● **About this exercise**: Do not include the pictures; repeat the rest of the data exactly.

● **Collected material**:
──────────────────────────────

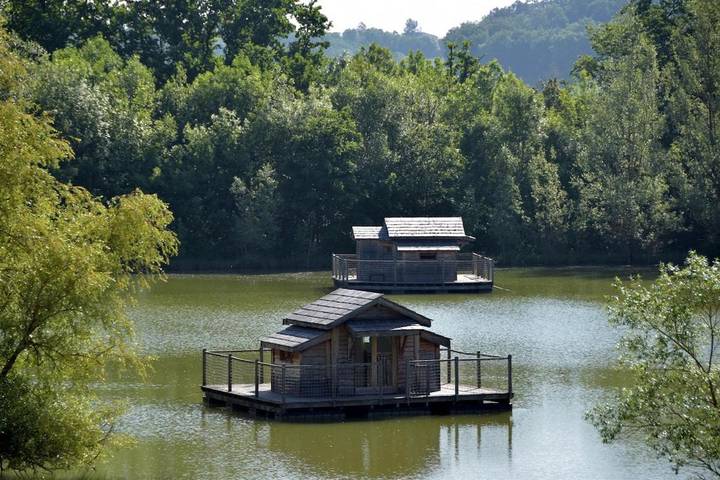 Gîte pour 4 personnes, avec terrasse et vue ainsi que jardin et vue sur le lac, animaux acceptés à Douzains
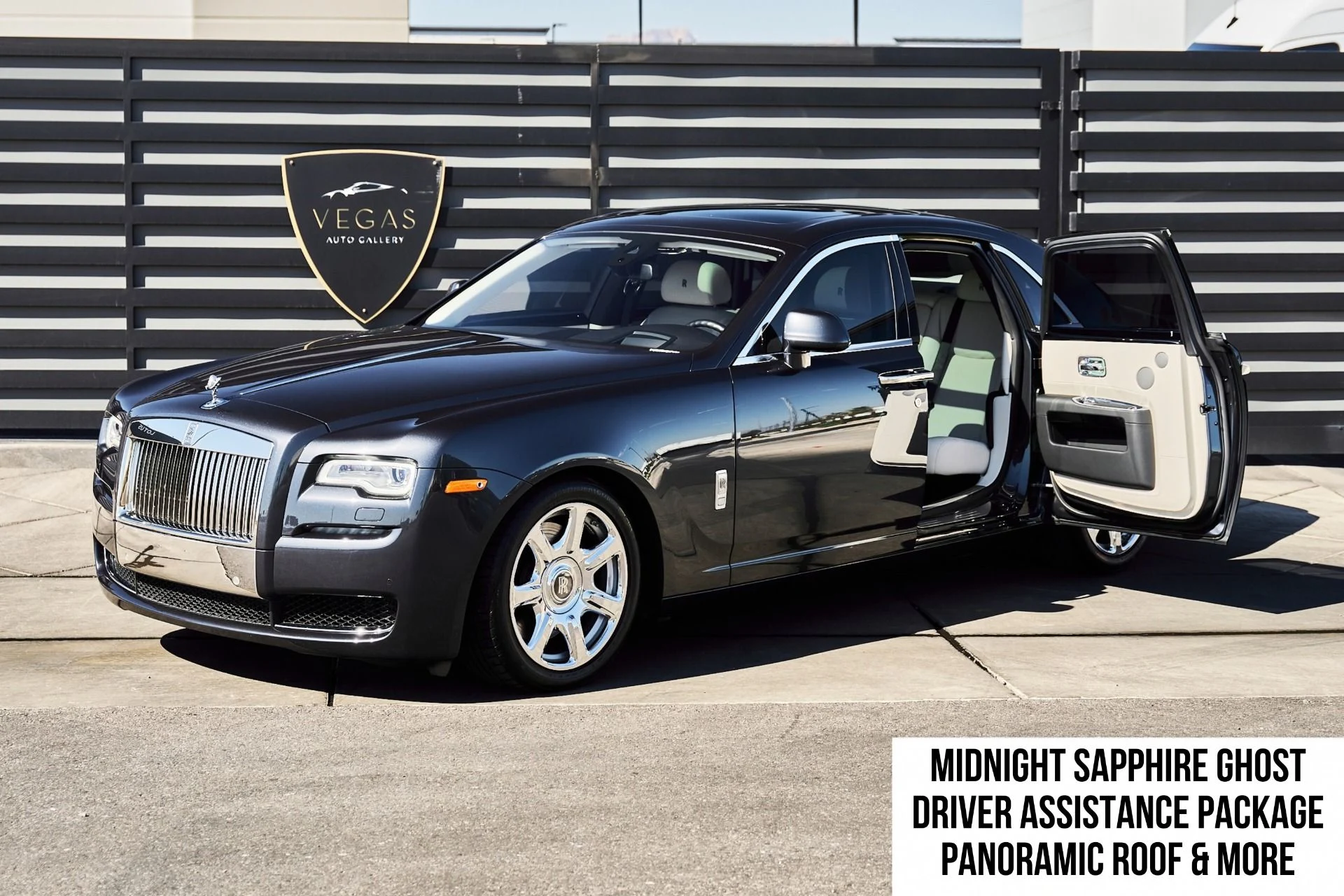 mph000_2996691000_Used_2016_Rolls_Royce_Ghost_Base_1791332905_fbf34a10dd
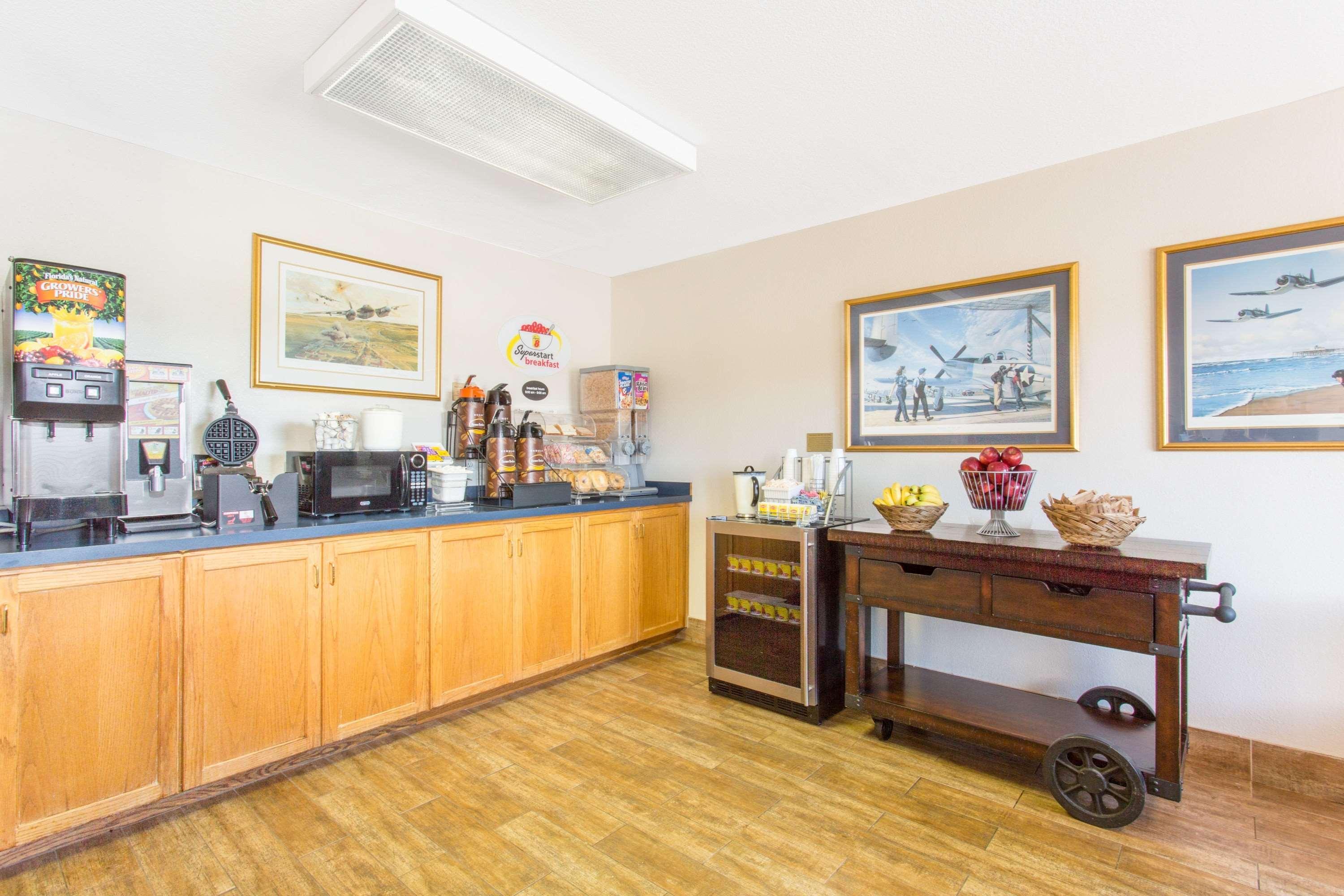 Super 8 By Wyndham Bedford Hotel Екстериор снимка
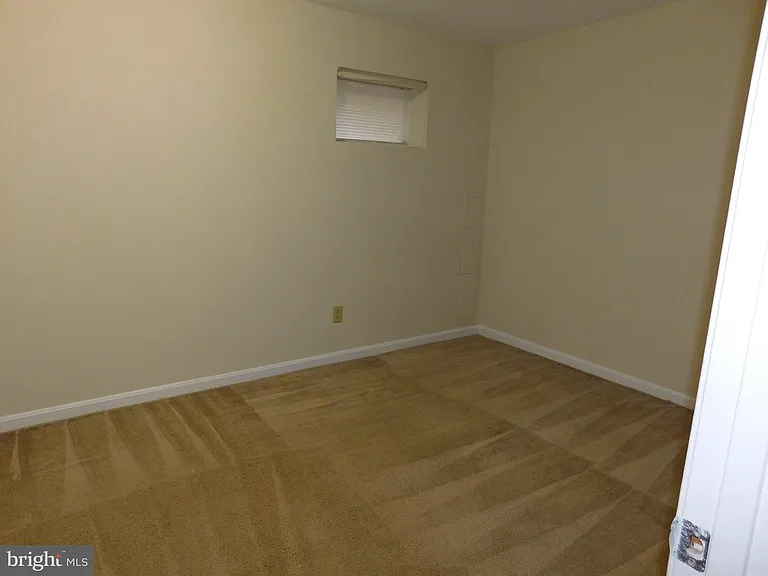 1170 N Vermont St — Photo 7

──────────────────────────────

● **Answer for the task**:
 Gîte pour 4 personnes, avec terrasse et vue ainsi que jardin et vue sur le lac, animaux acceptés à Douzains
 mph000_2996691000_Used_2016_Rolls_Royce_Ghost_Base_1791332905_fbf34a10dd
 Super 8 By Wyndham Bedford Hotel Екстериор снимка
 1170 N Vermont St — Photo 7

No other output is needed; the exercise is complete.